Exercise prompt ▸ From the listing below, set down exactly the lines between the one holding "A woman dines" and the one holding "An outdoor view", inclusive. No other line is wanted.

Extracted data ▸

----------------------------------------

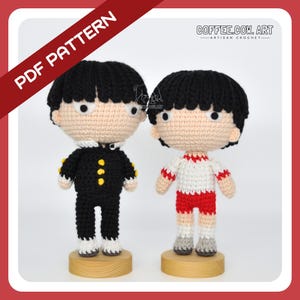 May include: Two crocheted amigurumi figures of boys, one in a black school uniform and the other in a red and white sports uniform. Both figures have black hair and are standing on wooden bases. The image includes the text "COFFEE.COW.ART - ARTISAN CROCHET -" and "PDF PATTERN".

----------------------------------------

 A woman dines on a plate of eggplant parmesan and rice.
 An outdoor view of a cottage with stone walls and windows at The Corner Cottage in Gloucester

----------------------------------------

Result ▸
 A woman dines on a plate of eggplant parmesan and rice.
 An outdoor view of a cottage with stone walls and windows at The Corner Cottage in Gloucester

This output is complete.